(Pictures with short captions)
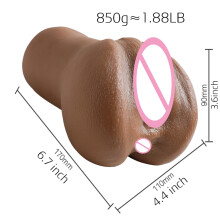 (Marron) Masturbateur masculin réaliste en silicone pour homme, vagin, anal, outil sexuel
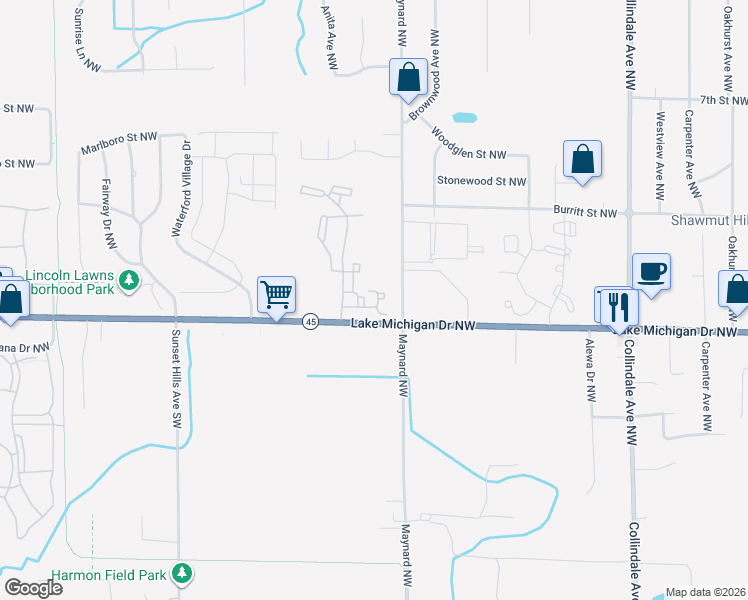 map of restaurants, bars, coffee shops, grocery stores, and more near in Walker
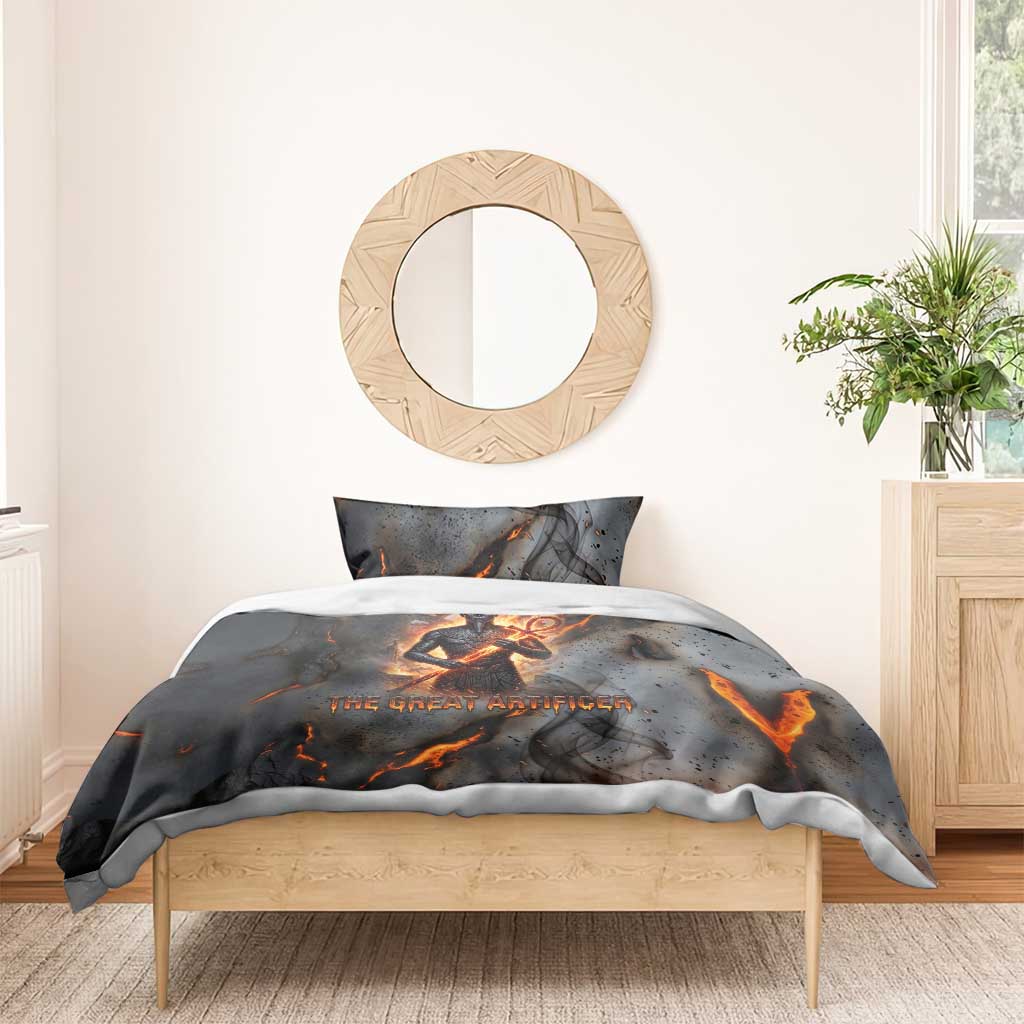 Ptah Egyptian Bedding Set God of Creation Great Artificer Hammer - Anvil Fire Forged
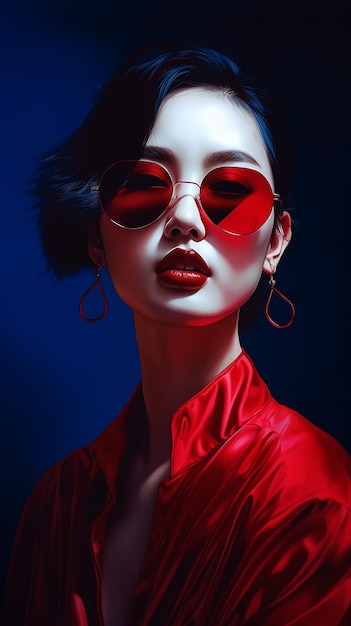 Eine Frau mit roter Sonnenbrille und roter Brille
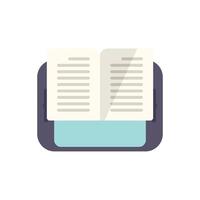 Open book lying on top of a tablet computer vector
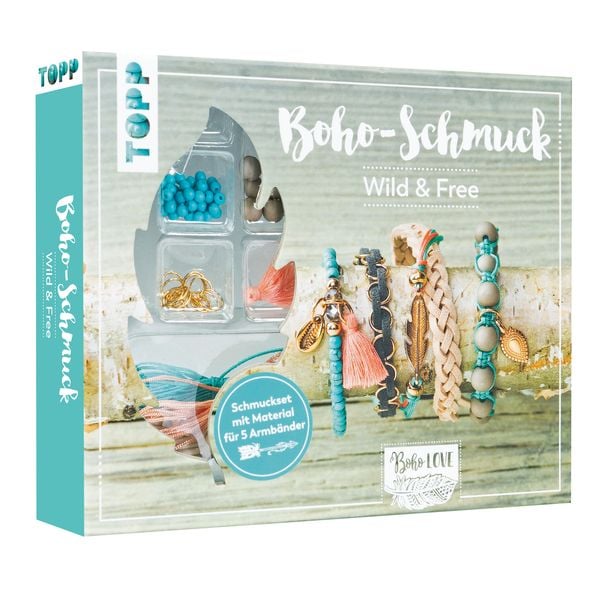 Boho-Schmuckset Wild & Free (Türkis/ Lachs)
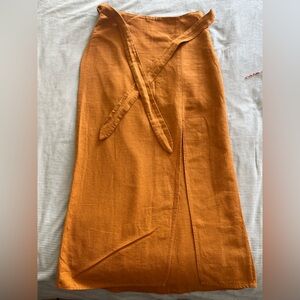 Urban Outfitters linen Rust Midi Skirt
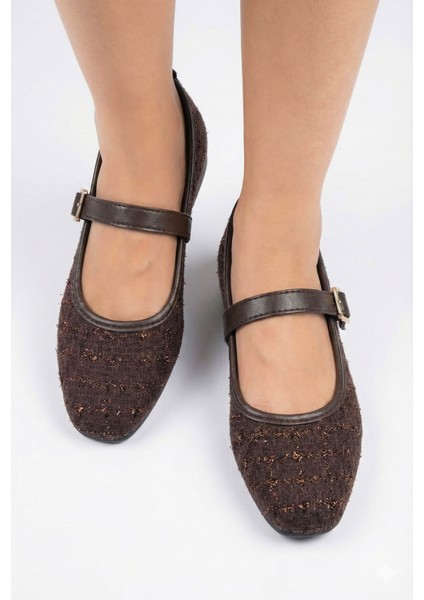 Tüvit Kumaş Mary Jane Babet Şık Tokalı Ortopedik Taban Günlük Ayakkabı fiyatları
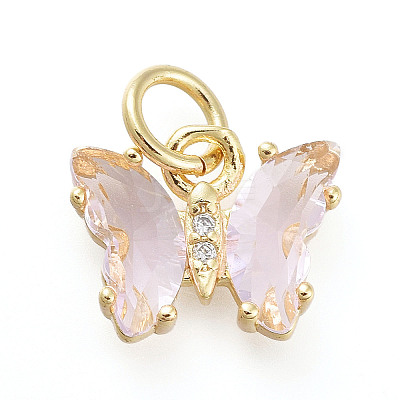 Brass Micro Pave Clear Cubic Zirconia Pendant ZIRC-P079-B01-11-1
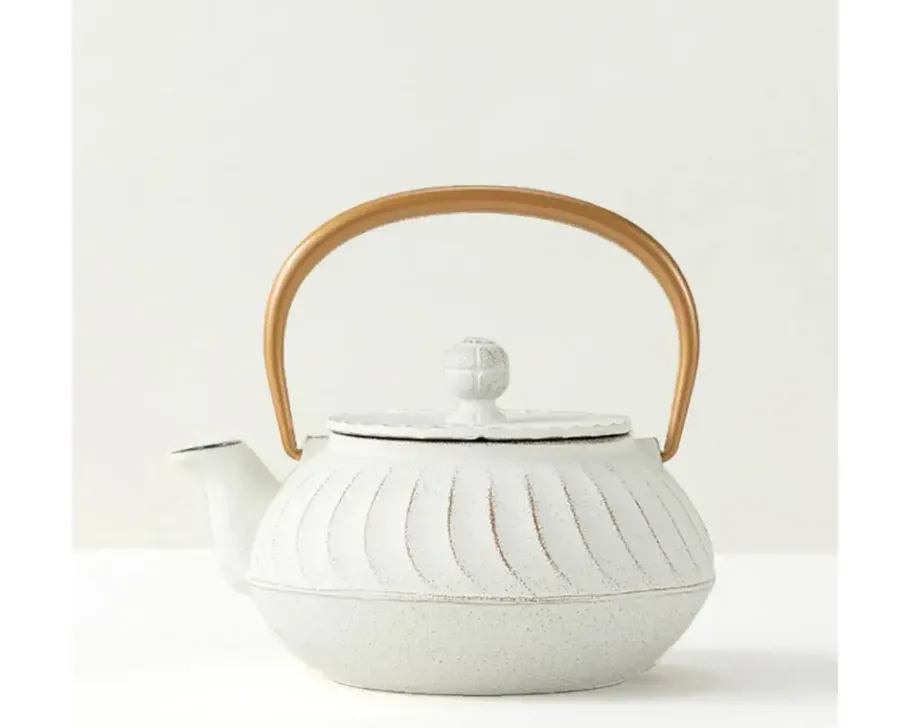 Sale MIYA Company Cast Iron Teapot White Wave Gold Handle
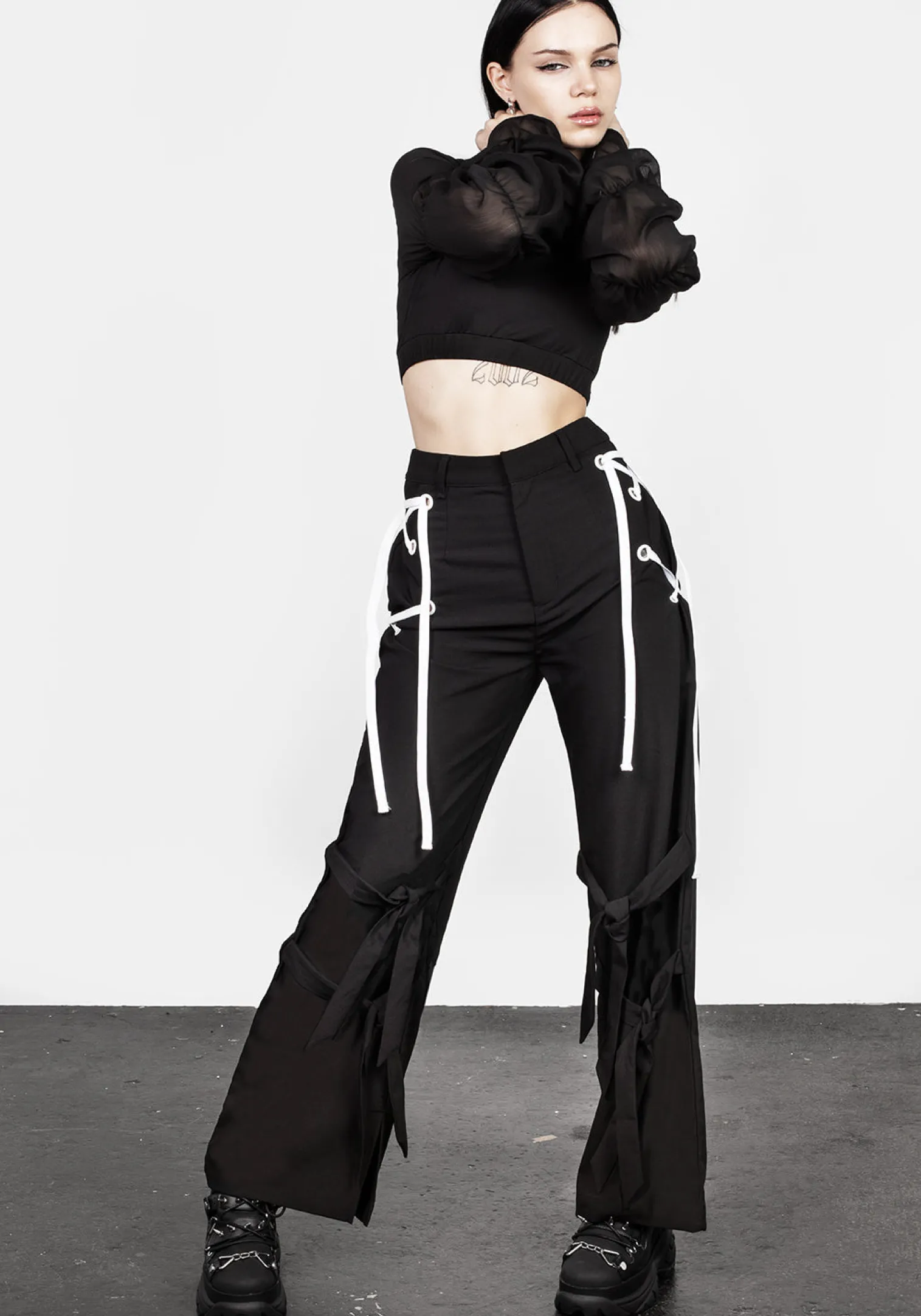 Defendant Lace Up Tie Trousers
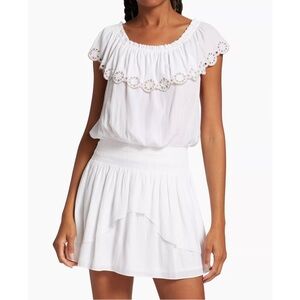 Ramy Brook White Eyelet Trim Dress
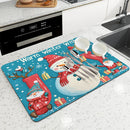 Axyaa Christmas Snowman Dwarf Deer Drying Mat - Festive Kitchen Table Decor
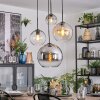 Koyoto Lampadario a sospensione, Lampada a sfera, Lampada a sospensione a cluster 35 cm Ambrato, Cromo, Chiaro, Grigio fumo, 4-Luci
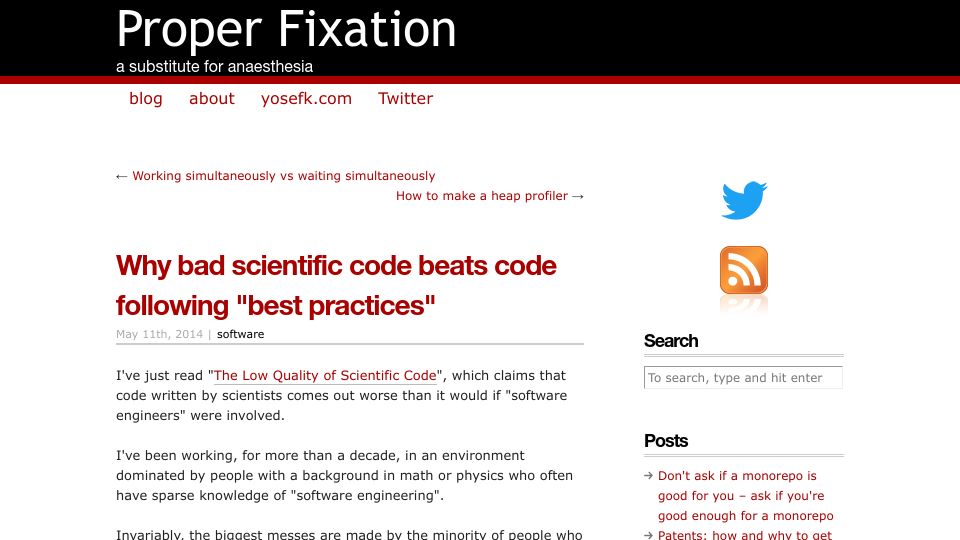 Screenshot of yosefk.com: Bad scientific code beats code following "best practices" (2014)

* [WHAT YOU WILL DO]:
Reproduce the records word for word, please, from their first line up to and including the line that contains "Axyaa Christmas Snowman", but no pictures.

* [WRITTEN RESPONSE]:
 (Marron) Masturbateur masculin réaliste en silicone pour homme, vagin, anal, outil sexuel
 map of restaurants, bars, coffee shops, grocery stores, and more near in Walker
 Ptah Egyptian Bedding Set God of Creation Great Artificer Hammer - Anvil Fire Forged
 Eine Frau mit roter Sonnenbrille und roter Brille
 Open book lying on top of a tablet computer vector
 Boho-Schmuckset Wild & Free (Türkis/ Lachs)
 Urban Outfitters linen Rust Midi Skirt
 Tüvit Kumaş Mary Jane Babet Şık Tokalı Ortopedik Taban Günlük Ayakkabı fiyatları
 Brass Micro Pave Clear Cubic Zirconia Pendant ZIRC-P079-B01-11-1
 Sale MIYA Company Cast Iron Teapot White Wave Gold Handle
 Defendant Lace Up Tie Trousers
 Ramy Brook White Eyelet Trim Dress
 Axyaa Christmas Snowman Dwarf Deer Drying Mat - Festive Kitchen Table Decor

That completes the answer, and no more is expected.